Everyone agrees that several of the Malta Spitfires were oversprayed in blues, but there is little consensus as to what blues and to what extent they were covered. Here I have layered on two USN colors, Intermediate Blue and Blue Gray.
For a darker blue Malta scheme I used Model Master Insignia Blue. I still have some stocks of the MM paints, although they do not age well and I often discover a few unusable bottles during every build.
The last will be another Greek Spitfire in the more usual Temperate Sea scheme. This one will have the hybrid markings with RAF Type B roundels on the upper wings and Greek roundels in the other positions.
A group shot all glossed up and ready for decals.
This is the ugly stage of a “sludge wash” to bring out the panel lines. The sludge wash is a diluted dark gray acrylic mixed with a little dish soap. This is best applied over a gloss finish with the excess wiped away before it is completely dry.
Here the excess has been removed with a damp cotton swab. Always work in the direction of the airflow and any streaking will add depth to your weathering.
The finished batch. I borrowed some spare Type B roundel decals from the Eduard kit as the Xtradecal sheet didn’t have enough to do every subject I wanted. The only real flaw with this kit is the center sections of the canopies are not as clear as they should be, I replaced what I could with spares from Eduard kits which are much better molded. Overall though I am happy with these kits as they go together well and are fun builds.  In total I spent 26.5 hours on these, or about 6 hours and 40 minutes per kit.
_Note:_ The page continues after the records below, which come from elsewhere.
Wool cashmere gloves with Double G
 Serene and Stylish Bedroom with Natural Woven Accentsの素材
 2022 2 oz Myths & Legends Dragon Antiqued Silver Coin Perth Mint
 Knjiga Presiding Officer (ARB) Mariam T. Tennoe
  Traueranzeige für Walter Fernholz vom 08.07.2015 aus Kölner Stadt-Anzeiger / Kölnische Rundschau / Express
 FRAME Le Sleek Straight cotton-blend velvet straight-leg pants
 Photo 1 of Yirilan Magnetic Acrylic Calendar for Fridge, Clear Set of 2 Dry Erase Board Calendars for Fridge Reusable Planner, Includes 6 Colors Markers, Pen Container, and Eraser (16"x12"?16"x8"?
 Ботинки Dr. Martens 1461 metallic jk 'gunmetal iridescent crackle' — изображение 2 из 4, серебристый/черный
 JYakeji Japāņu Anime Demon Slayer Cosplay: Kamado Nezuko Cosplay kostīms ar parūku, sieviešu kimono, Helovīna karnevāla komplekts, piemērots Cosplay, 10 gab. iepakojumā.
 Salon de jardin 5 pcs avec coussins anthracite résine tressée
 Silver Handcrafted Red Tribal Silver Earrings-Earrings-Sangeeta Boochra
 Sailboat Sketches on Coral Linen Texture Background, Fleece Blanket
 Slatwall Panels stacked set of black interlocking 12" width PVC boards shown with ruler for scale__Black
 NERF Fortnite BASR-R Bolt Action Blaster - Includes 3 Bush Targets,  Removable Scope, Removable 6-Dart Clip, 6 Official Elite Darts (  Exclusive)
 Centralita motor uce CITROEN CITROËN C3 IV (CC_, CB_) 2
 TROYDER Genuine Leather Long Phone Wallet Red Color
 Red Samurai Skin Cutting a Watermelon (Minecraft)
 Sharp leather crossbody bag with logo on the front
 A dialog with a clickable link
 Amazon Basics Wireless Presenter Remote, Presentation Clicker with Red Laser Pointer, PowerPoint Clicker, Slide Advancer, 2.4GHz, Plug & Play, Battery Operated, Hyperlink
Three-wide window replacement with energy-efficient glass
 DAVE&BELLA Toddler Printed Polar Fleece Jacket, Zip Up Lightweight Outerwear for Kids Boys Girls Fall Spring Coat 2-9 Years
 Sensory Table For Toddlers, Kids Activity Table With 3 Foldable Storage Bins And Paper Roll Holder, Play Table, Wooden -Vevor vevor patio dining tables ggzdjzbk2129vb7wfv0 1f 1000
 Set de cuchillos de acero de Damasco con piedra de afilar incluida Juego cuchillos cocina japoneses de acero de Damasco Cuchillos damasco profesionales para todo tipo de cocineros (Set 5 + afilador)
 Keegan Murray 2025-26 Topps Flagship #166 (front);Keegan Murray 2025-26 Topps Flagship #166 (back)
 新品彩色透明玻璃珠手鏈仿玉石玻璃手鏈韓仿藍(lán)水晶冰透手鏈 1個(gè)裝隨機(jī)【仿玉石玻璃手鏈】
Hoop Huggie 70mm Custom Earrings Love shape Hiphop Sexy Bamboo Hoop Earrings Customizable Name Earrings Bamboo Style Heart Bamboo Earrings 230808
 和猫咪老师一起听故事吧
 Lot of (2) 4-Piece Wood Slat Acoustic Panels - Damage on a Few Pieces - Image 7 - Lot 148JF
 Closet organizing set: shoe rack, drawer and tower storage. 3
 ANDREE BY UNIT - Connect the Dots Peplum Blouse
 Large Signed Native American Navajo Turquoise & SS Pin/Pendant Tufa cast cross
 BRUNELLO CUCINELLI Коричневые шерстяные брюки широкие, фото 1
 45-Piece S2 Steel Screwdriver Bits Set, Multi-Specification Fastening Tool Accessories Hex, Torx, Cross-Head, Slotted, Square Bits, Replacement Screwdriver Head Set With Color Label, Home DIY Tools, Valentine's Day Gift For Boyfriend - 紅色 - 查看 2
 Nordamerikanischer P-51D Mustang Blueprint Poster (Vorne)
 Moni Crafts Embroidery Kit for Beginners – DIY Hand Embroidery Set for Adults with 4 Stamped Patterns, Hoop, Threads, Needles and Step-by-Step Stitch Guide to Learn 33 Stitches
More completed Spitfire pictures here:

Airfix Supermarine Spitfire Mark Vc Batch Build in 1/72 Scale Part I

This is the Airfix Supermarine Spitfire Mk.Vc, kit number A02108 released in 2020. This is a new tool and very much in Airfix’s home court as it replaces their older tools and, well, it’s a Spitfire. I’ll be building a small batch of these, hopefully as a painless build before trying something more involved.
I was really pleased to see that Xtradecal issued a decal sheet targeting this kit, and it one with several interesting options. The Airfix kit has two decal options provided, one in U.S. markings and one in South African. I think at least one of the kit options should have been in Royal Air Force markings as this would have provided examples of the most common national insignia for the Spitfire.
On to the sprues! The kit is molded in the soft light blue plastic we now expect from Airfix. The panel line detail has come a long way and this kit features finely scribed recessed panel lines. I was pleasantly surprised to see just how nicely these were rendered. There are also optional upper wing parts for the clipped wing version, no cutting needed.
On the smaller parts sprues Airfix has provided the builder with a number of options. Both the Rotol and DeHavilland three-bladed propellers are provided along with their associated spinners. The Vokes tropical filter as depicted on the box art is included, as are parts for the standard nose panel and filter. Exhausts come with or without the gun heater tubes. The modeler can also choose to show the landing gear up and the canopy either opened or closed.
The cockpit is well-detailed and builds up as a tub to be inserted into the fuselage. You must do this before joining the fuselage halves but it fits nicely.
Here are two tubs assembled and painted. Seat belts are not included, I have made mine from masking tape. The instrument panel is the kit decal which is fine given what can be seen.